XML Parsing and Serialization

Parsing

If a SAXSource containing an XMLReader is supplied to Saxon, Saxon now respects the ErrorHandler associated with the XMLReader rather than replacing it with its own.

Serialization

Some very basic support for HTML 5 has been added. If the serialization method is "html" and the version is "5.0", a heading <!DOCTYPE HTML> will be output regardless of the doctype-system and doctype-public properties.

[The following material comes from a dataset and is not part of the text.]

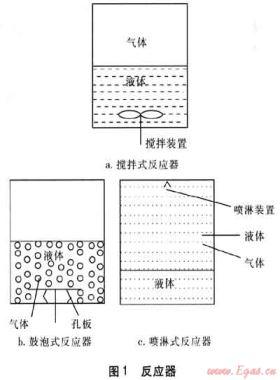 水合物儲(chǔ)運(yùn)天然氣技術(shù)中雙級(jí)串聯(lián)制備系統(tǒng)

A new serialization option saxon:recognize-binary has been added for use with the text output method (only). If set to yes, the processing instructions <?hex XXXX?> and <?b64 XXXX?> will be recognized; the value is taken as a hexBinary or base64 representation of a character string, encoded using the encoding in use by the serializer, and this character string will be output without validating it to ensure it contains valid XML characters. This enables non-XML characters, notably binary zero, to be output. For example, <?hex 0c?> outputs an ASCII form feed. Also recognized are <?hex.EEEE XXXX?> and <?b64.EEEE XXXX?>, where EEEE is the name of the encoding of the base64 or hexBinary data: for example hex.ascii or b64.utf8.

A new UTF8 writer, contributed by Tatu Saloranta, is used in place of the standard Java UTF8 writer. The effect is to speed up serialization by around 20%; for a transformation that copies its input to its output, the improvement is about 10% overall.